Once Instructions has any content, a Configured badge appears next to Gateway Instructions in the sidebar, and the get_tool_instructions tool becomes available to every session connecting to that Gateway. To remove it, click Clear Instructions and save; this empties both fields and removes the tool.
If you leave Instructions blank, no instruction tool is added to the Gateway at all, and the agent never sees this surface. There’s no cost to leaving it unconfigured.
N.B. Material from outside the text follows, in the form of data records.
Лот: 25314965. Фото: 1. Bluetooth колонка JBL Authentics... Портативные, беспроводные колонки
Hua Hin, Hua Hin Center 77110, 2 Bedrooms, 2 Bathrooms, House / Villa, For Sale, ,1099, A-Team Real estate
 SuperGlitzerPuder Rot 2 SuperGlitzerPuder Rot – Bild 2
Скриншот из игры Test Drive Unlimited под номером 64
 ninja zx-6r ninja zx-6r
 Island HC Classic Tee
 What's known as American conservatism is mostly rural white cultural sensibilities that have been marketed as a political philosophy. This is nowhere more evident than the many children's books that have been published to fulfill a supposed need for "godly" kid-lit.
Configuring a Deployment Instruction Tool

  1. Open the Deployment you want to configure and go to the Available Tools step.
  2. Toggle {your-deployment-name}__get_tool_instructions. This is the first row in the tool list, above your Deployment’s actual tools and is defaulted to off.
  3. Click Edit to open the instructions dialog, and fill in the same two fields described above (Tool Description and Tool Instructions), with the same character limits.
  4. Save your changes, then save the Deployment.

Writing Good Instructions

The agent pulls your instructions directly into its working context, so the same guidelines that make for a good internal wiki page apply here, with an even stronger bias toward brevity:
  • Be specific and concrete. “File export issues on the Data Pipeline board and assign Highest priority when a customer is affected” is far more useful than “use the correct board and priority.”
  • Lead with what’s most likely to trip an agent up. Naming mismatches, and required fields that aren’t obvious from the schema.
  • Use it to replace list_... tools. List tools tend to be token inefficient and often don’t provide the needed information.
  • Keep it scannable. Short sections, bullet points, and a handful of concrete examples work better than long prose. Remember the agent is reading this into its context window, not browsing a document.
  • Update it as things change. If a convention changes on your end (a new board, a renamed field), update the instructions the same way you’d update any other piece of documentation your team relies on.